I simply wish to bring home to your minds by these fragmentary remarks that the progress of the physical sciences has been of great help to those branches of psychology that have not scorned to consider the results of physical research. On the other hand, psychology is beginning to return, as it were, in a spirit of thankfulness, the powerful stimulus which it received from physics.
The theories of physics which reduce all phenomena to the motion and equilibrium of smallest particles, the so-called molecular theories, have been gravely threatened by the progress of the theory of the senses and of space, and we may say that their days are numbered.

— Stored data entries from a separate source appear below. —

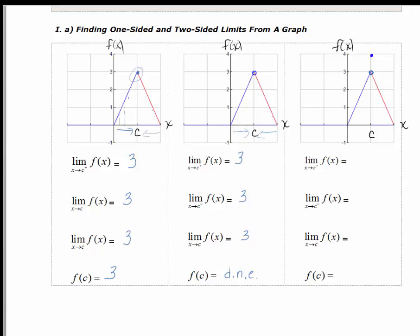Let's look at the next one — a very similar scenario with a slight difference. We have an open circle at 3 and a closed circle at 4. The limit as x approaches c from the right: as x approaches c, the y values are getting larger and approaching 3. As x approaches c from the left, the y values are also approaching 3. Since the one-sided limits are the same, the two-sided limit is also equal to 3. But f of c exists in this case — it's just not the same value as the limit. F of c is actually 4.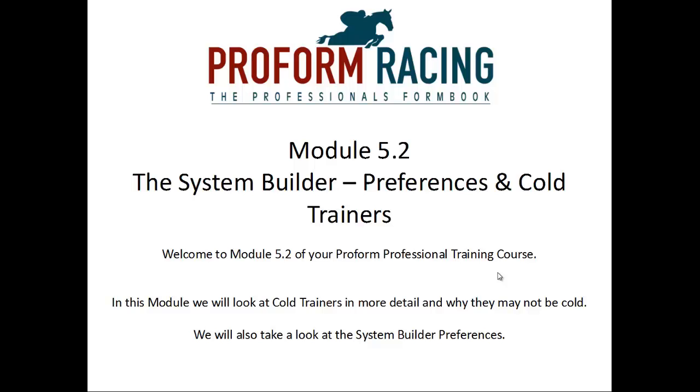Module 5.2, The System Builder, Preferences and Cold Trainers. Welcome to Module 5.2 of your ProForm Professional Training Course. In this module we will look at cold trainers in more detail and why they may not be cold. We will also take a look at the System Builder Preferences.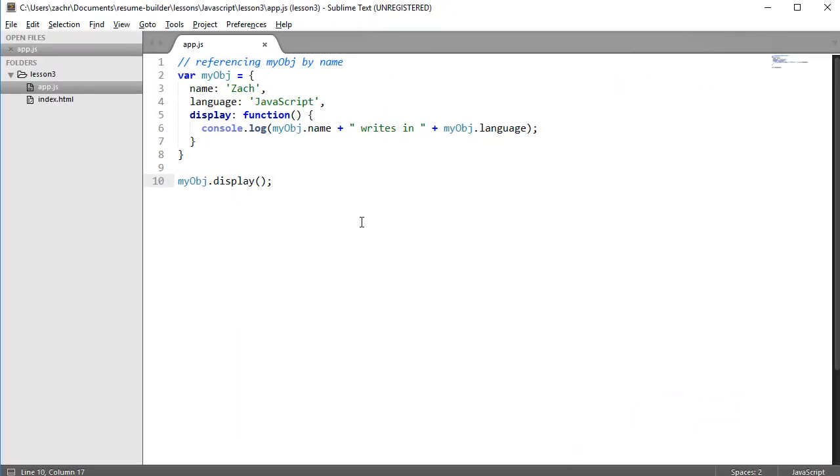We've demonstrated how objects have reference to themselves through that display method in the myobj object. But the way that we refer to our object is a little bit weird. We refer to it explicitly by name.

I have shown elsewhere[25] that the musical scale is simply a species of space—a space, however, of only one dimension, and that, a one-sided one. If, now, a person who could only hear, should attempt to develop a conception of the world in this, his linear space, he would become involved in many difficulties, as his space would be incompetent to comprehend the many sides of the relations of reality. But is it any more justifiable for us, to attempt to force the whole world into the space of our eye, in aspects in which it is not accessible to the eye? Yet this is the dilemma of all molecular theories.
We possess, however, a sense, which, with respect to the scope of the relations which it can comprehend, is richer than any other. It is our reason. This stands above the senses. It alone is competent to found a permanent and sufficient view of the world. The mechanical conception of the world has performed wonders since Galileo's time. But it must now yield to a broader view of things. A further development of this idea is beyond the limits of my present purpose.
One more point and I have done. The advice of our philosopher to restrict ourselves to what is near at hand and useful in our researches, which finds a kind of exemplification in the present cry of inquirers for limitation and division of labor, must not be too slavishly followed. In the seclusion of our closets, we often rack our brains in vain to fulfil a work, the means of accomplishing which lies before our very doors. If the inquirer must be perforce a shoemaker, tapping constantly at his last, it may perhaps be permitted him to be a shoemaker of the type of Hans Sachs, who did not deem it beneath him to take a look now and then at his neighbor's work and to comment on the latter's doings.
Let this be my apology, therefore, if I have forsaken for a moment to-day the last of my specialty.